If engine vibration occurs at idle speed of the VAZ 2114, there is no need to worry. It's all about the design of the engine. A similar phenomenon is typical for carburetor engines during cold starts. The engine just needs to warm up to the optimal temperature, after which the vibrations disappear.

The reason for the vibrations is the air-fuel mixture , which is prepared by the carburetor before being fed into the combustion chamber. Low temperatures lead to inefficient combustion of the mixture. Hence the “shaking”.

Although it is not uncommon for vibrations to occur due to the cushions, that is, the engine mounts on which it is mounted. When they wear out, vibrations are possible. Moreover, this does not depend on what type of engine is used - injection or carburetor.

You should always pay attention to the floating speed of the VAZ 2114 and not wait for the problem to manifest itself in some other way. If you delay in identifying the causes and eliminating faults, repairs can be much more expensive.

Fuel supply faults

It is quite easy to find out that the car stalls while driving due to the engine being “choked” with the fuel mixture - during a long drive you will find that the signal of the sensor responsible for this function is constantly on.

Here the problem lies in low-quality fuel, which does not quickly “ignite” from the spark of the candles. It can also be caused by gasoline not meeting the requirements for the octane number specified in the vehicle specifications. If there are problems with fuel, the gas pedal will be pressed all the way, and the car will not begin to gain speed. In addition, the car will periodically stall when the clutch is engaged.

Another symptom indicating problems with fuel is the appearance of problems with the car after refueling. The problem is characterized by a rapid drop in engine power at full speed, as well as when constantly changing gears. The way out of the situation is to completely drain the bad fuel mixture, wash the engine and all the fuel system pipes.

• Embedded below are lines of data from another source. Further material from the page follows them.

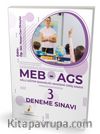 MEB - AGS Hazırlık 3 Deneme Sınavı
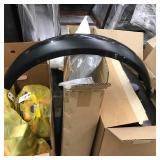 PLASTIC BICYCLE FENDERS, NEW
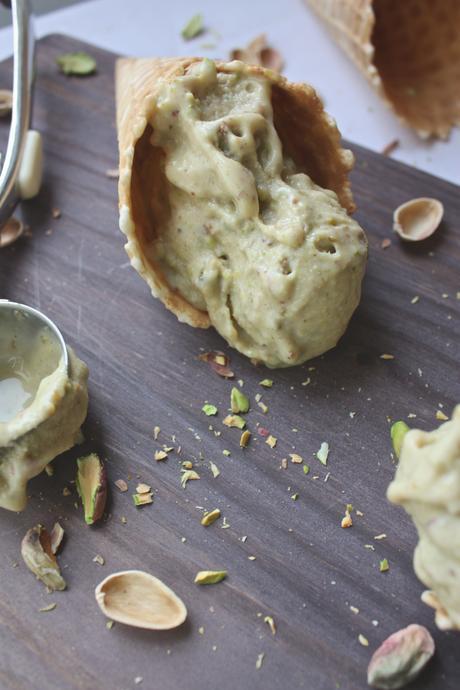 Pistachio Ice Cream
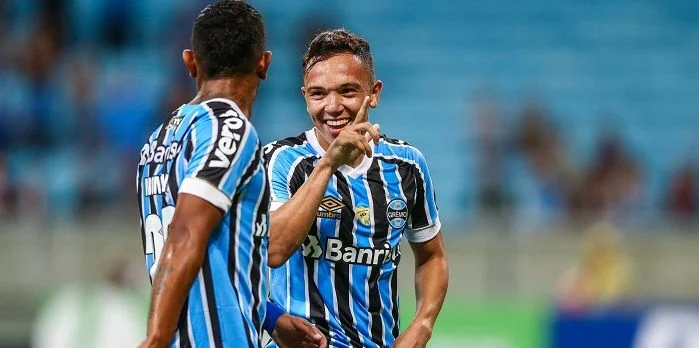 Васко да Гама - Гремио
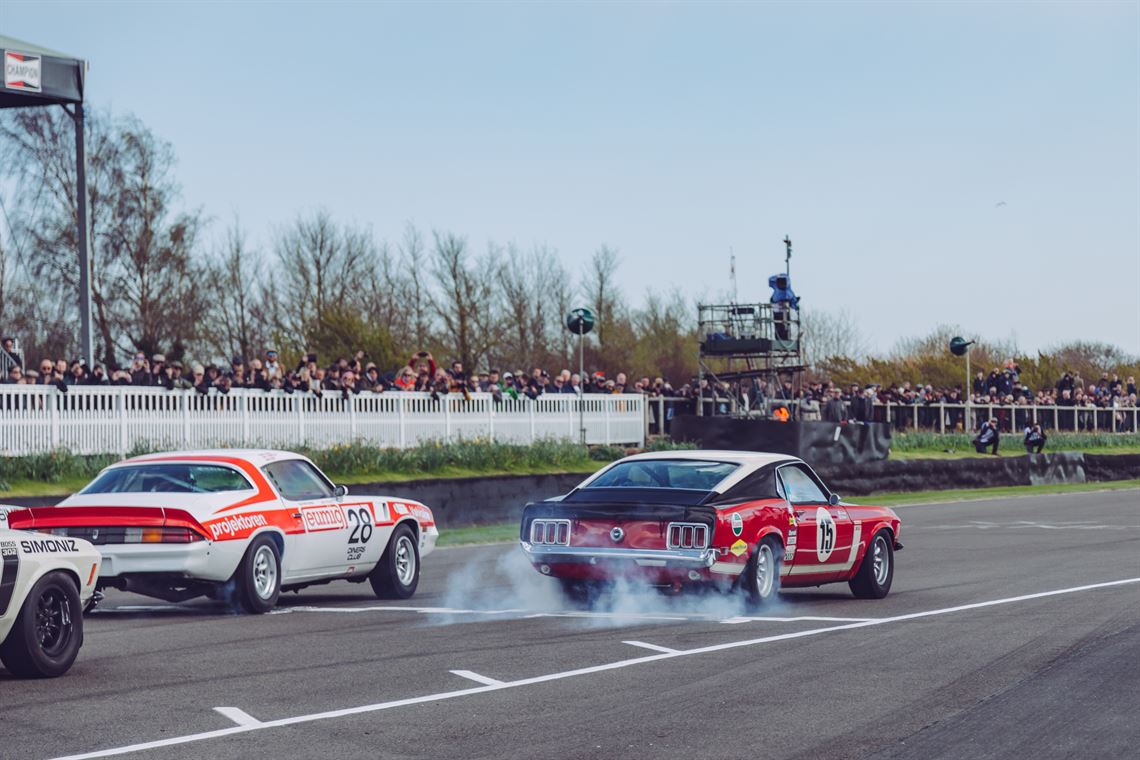 Racecarsdirect.com - BOSS 302 Mustang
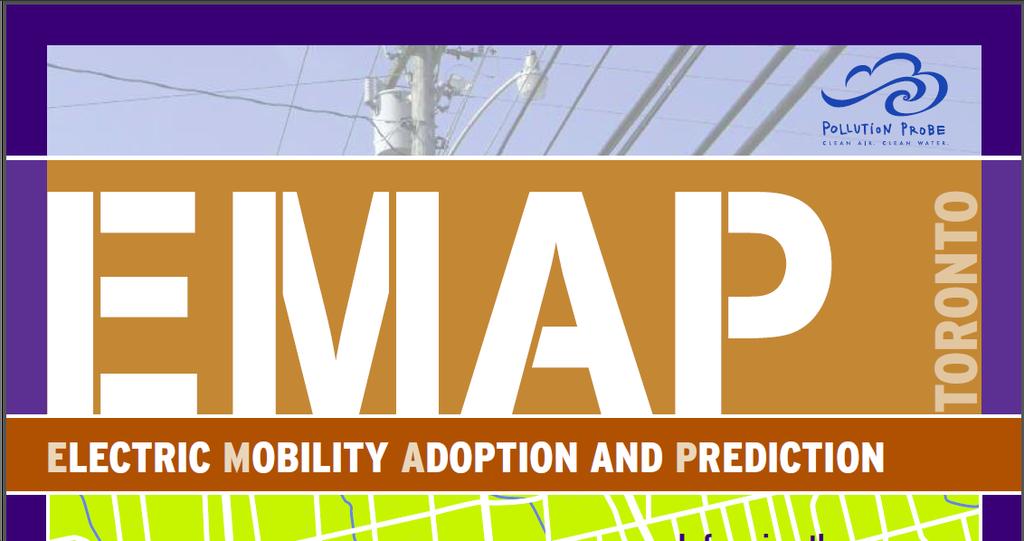 Electric Vehicles EMAP
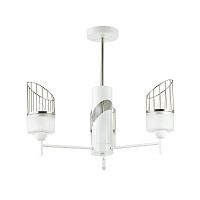 потолочная люстра lumion inna 3737/3c белая в Армавире
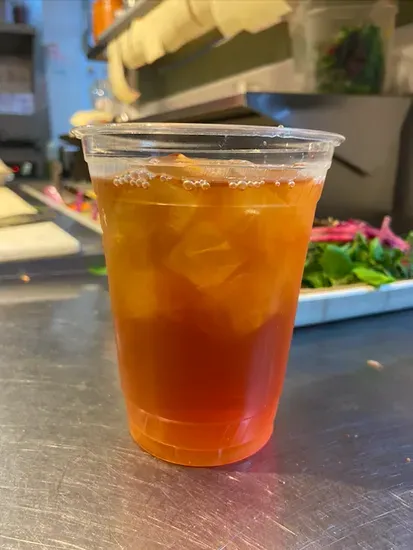 Organic Iced Tea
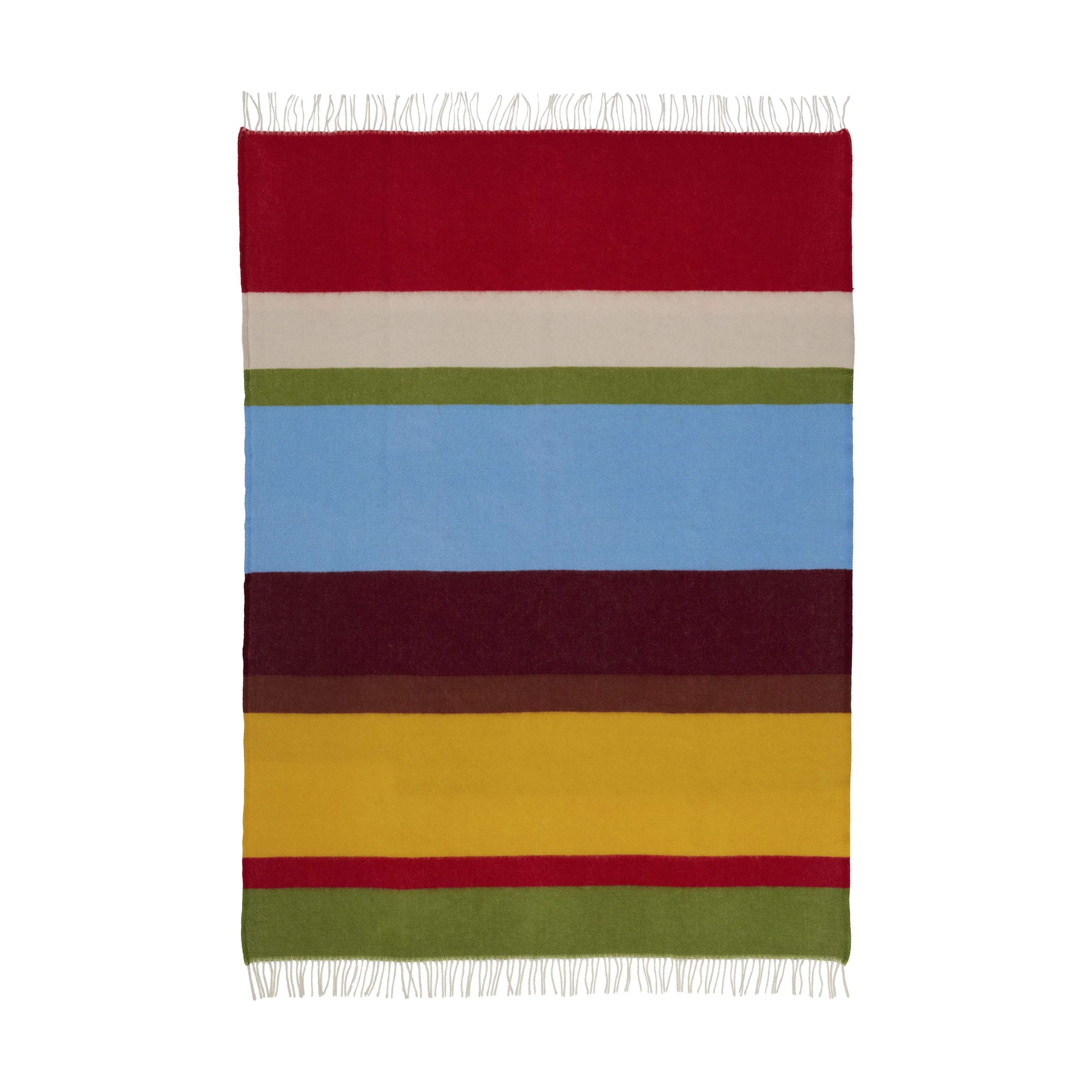 Klippan Plaider Arty Plaid i Yellow, 1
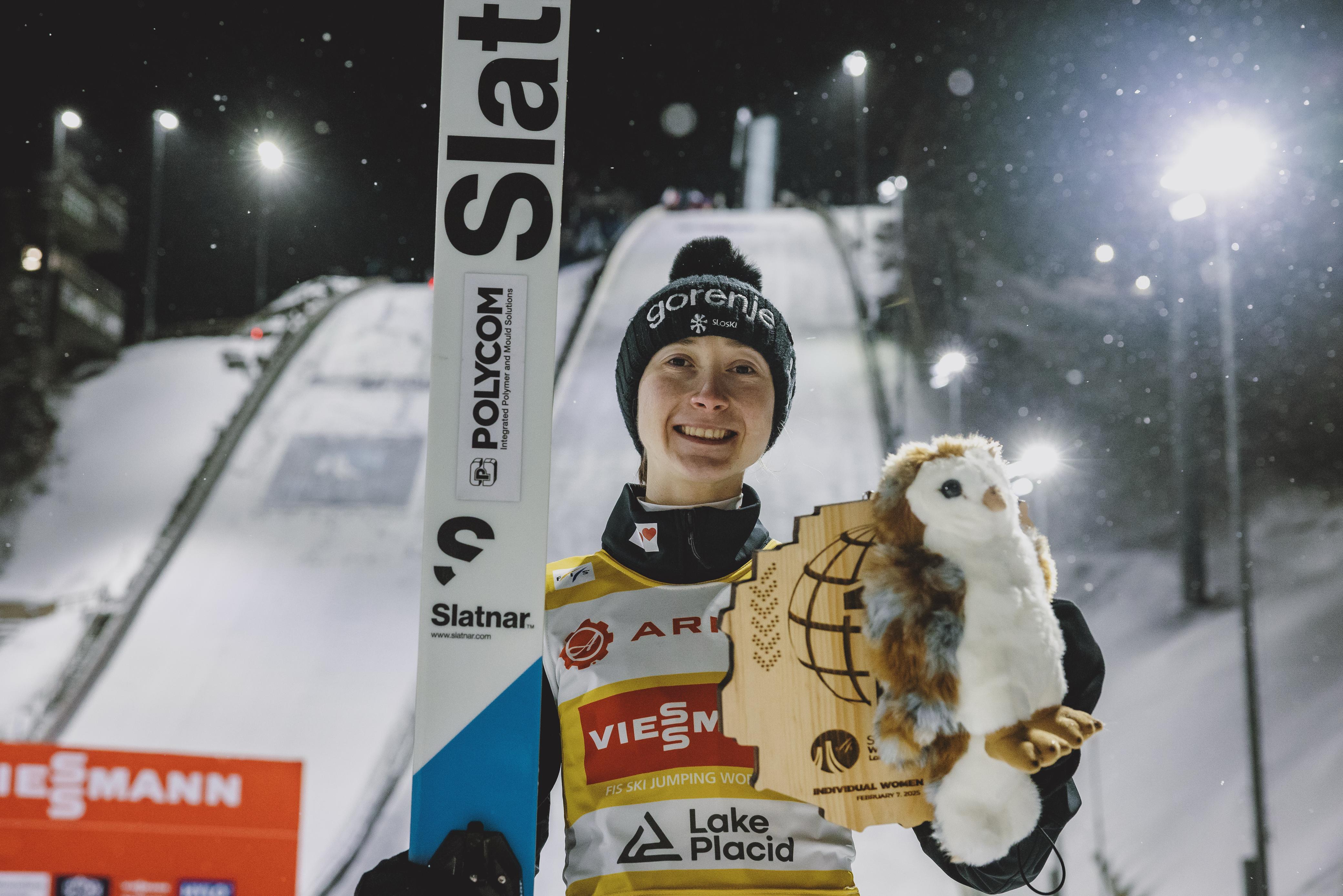 Результаты Lake Placid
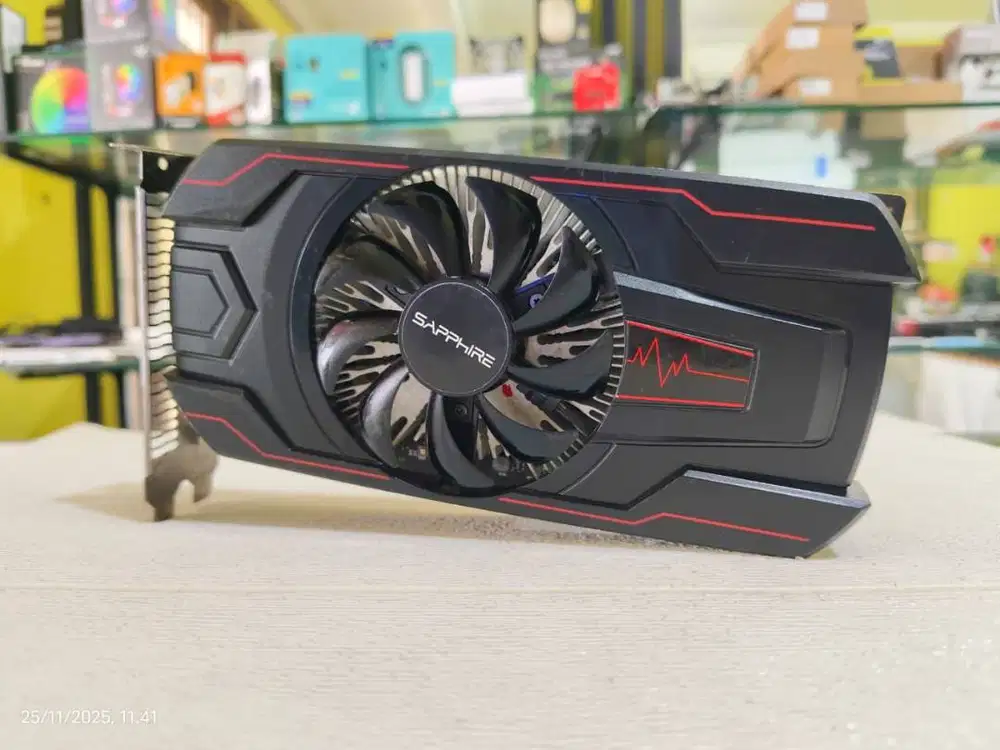 vga card radeon rx 560 4gb 128bit ddr5 dx12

Also, the car will constantly stall if there is an interruption in the supply of the fuel mixture. This may be due to contamination in the following system components:

  • Dirt in the fuel filter;
  • Problems with injector nozzles;
  • Dirty throttle valves;
  • Fuel pump power failure.

The main symptom of a malfunction of these parts is that there will be a gradual drop in the power of the car’s engine, after which the car will stall even after sharply pressing the gas pedal. If you do not release the clutch carefully when changing gears, this will also cause the engine to stall.

The contamination of the fuel filter and fuel pump can be judged by the unstable operation of the machine even during idling and during rapid braking (when the supply of the fuel mixture decreases). And if the performance of fuel filters can be easily established during an external inspection and eliminated by replacing them, then to detect other causes, you need a full-fledged computer diagnostics, which can only be carried out in a car service center.

Another reason for a stalled car associated with the operation of the fuel pump is boiling gasoline in the fuel pump. This happens mainly in hot weather when the car is moving slowly or standing on the highway in traffic jams. The car will start to stall while driving, but when you turn on the idle speed and press the clutch, it will start again.

If boiling occurs, it is better to stand in a traffic jam with the engine turned off and gradually cool the car. After 5-10 minutes, the car's operation will be stable again.

Advice: if you recently did a wheel alignment with your own hands on a VAZ-2107, then to cool the car, proceed as follows - throw a piece of cloth made of dense material over the fuel pump body, which you first moisten with cold water.